(TASK INSTRUCTIONS):
When the line containing "San Marino Travel" is found in the data below, give it again along with every later line, exactly; drop the pictures.

(MATERIAL FOR THE TASK):
══════════

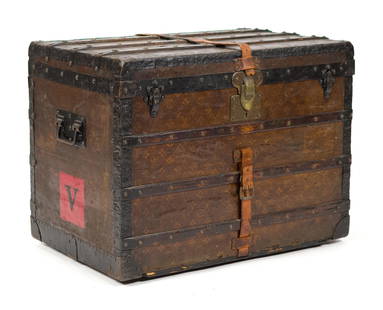 ANTIQUE LOUIS VUITTON TRUNK.: An antique Louis Vuitton ‘LV’ monogrammed canvas wrapped and wood bound flat top steamer trunk. Serial number 117 900. 22.5”H x 30”W x 19.5”D.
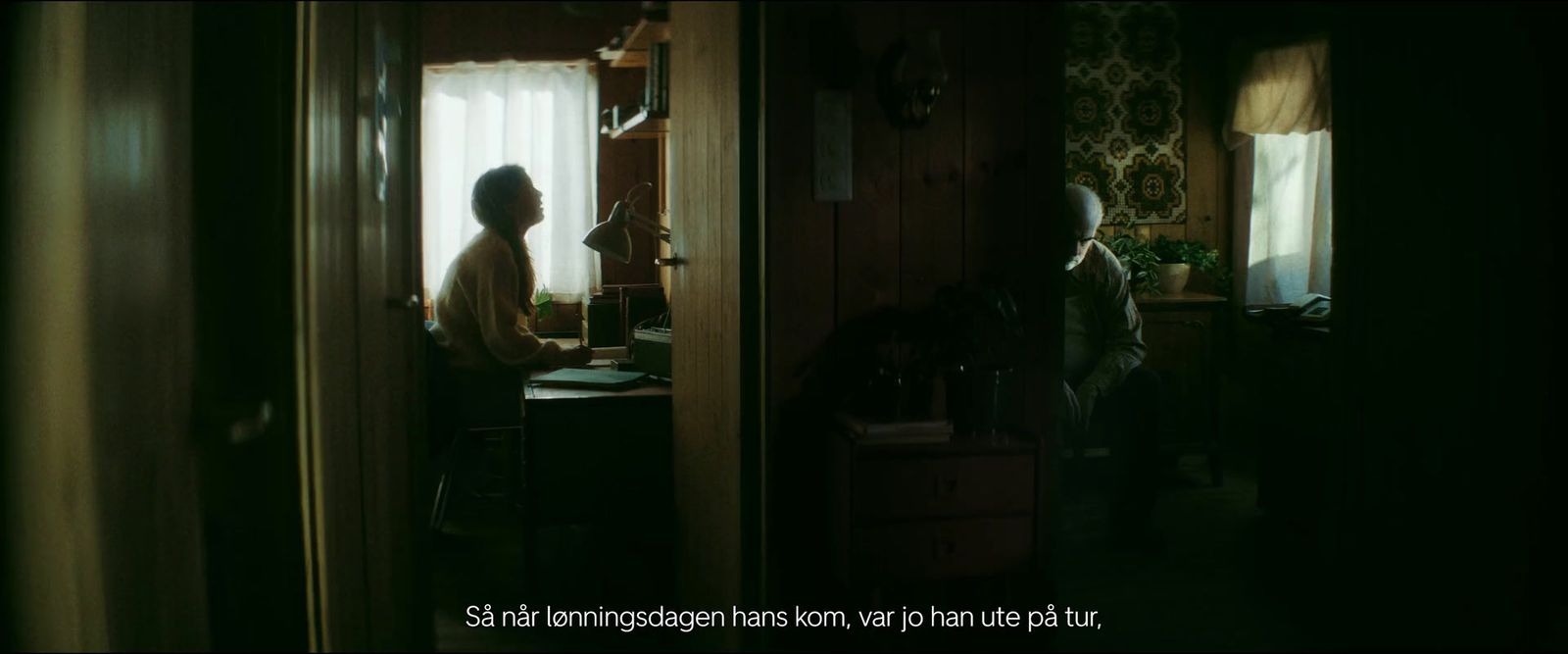 a woman standing in a kitchen next to a window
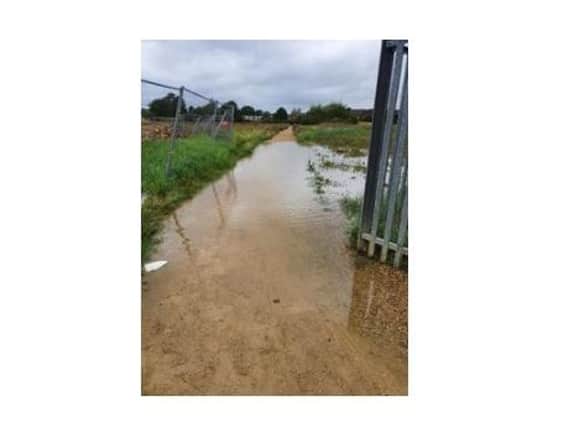 A footpath on a new Market Harborough estate is flooding again after repeated problems during heavy rain last winter.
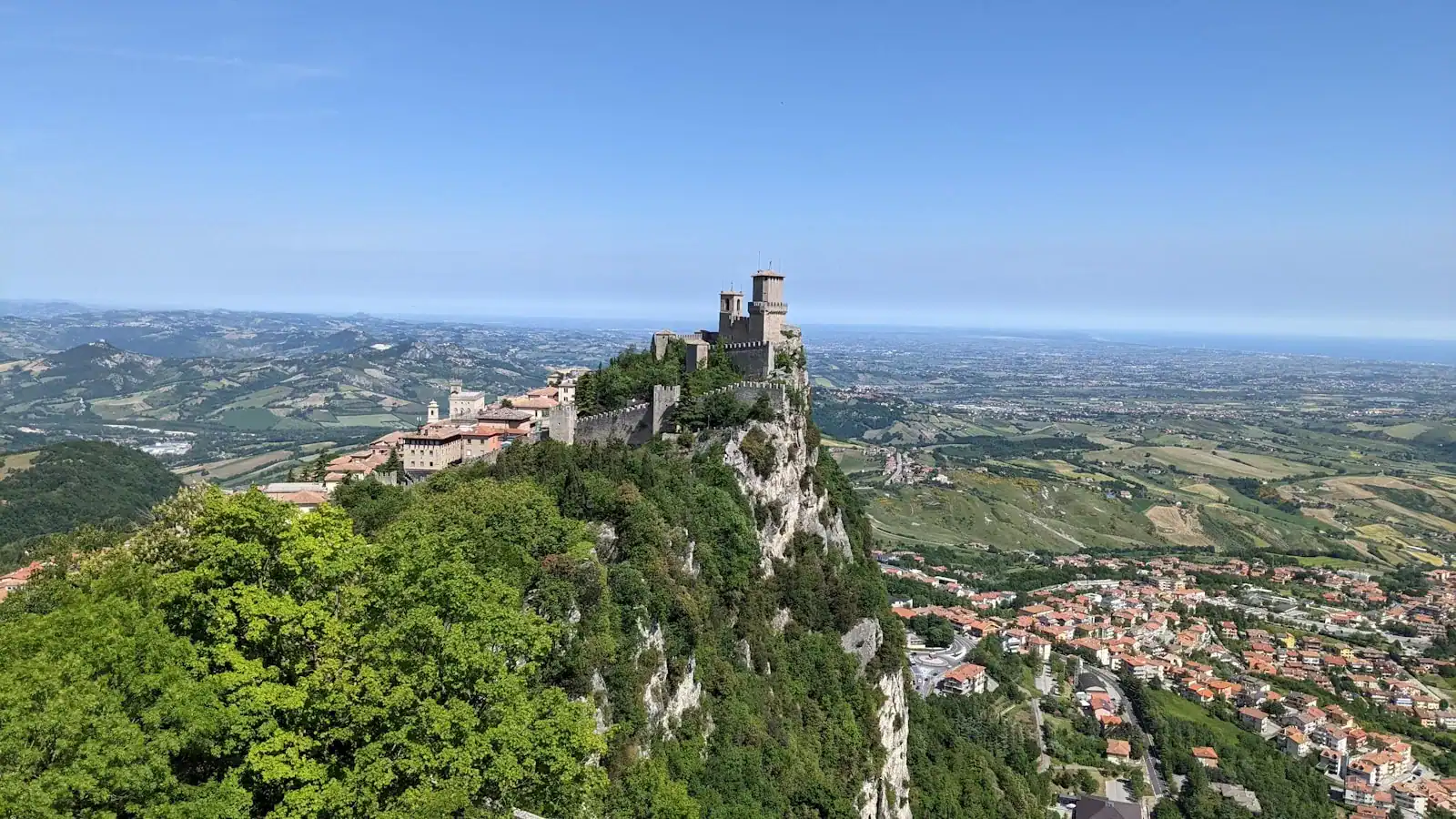 San Marino Travel Guide green trees on mountain during daytime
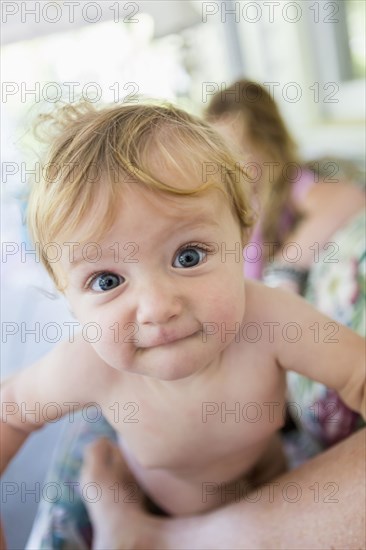 Caucasian baby grimacing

══════════

(EXERCISE RESPONSE):
 San Marino Travel Guide green trees on mountain during daytime
 Caucasian baby grimacing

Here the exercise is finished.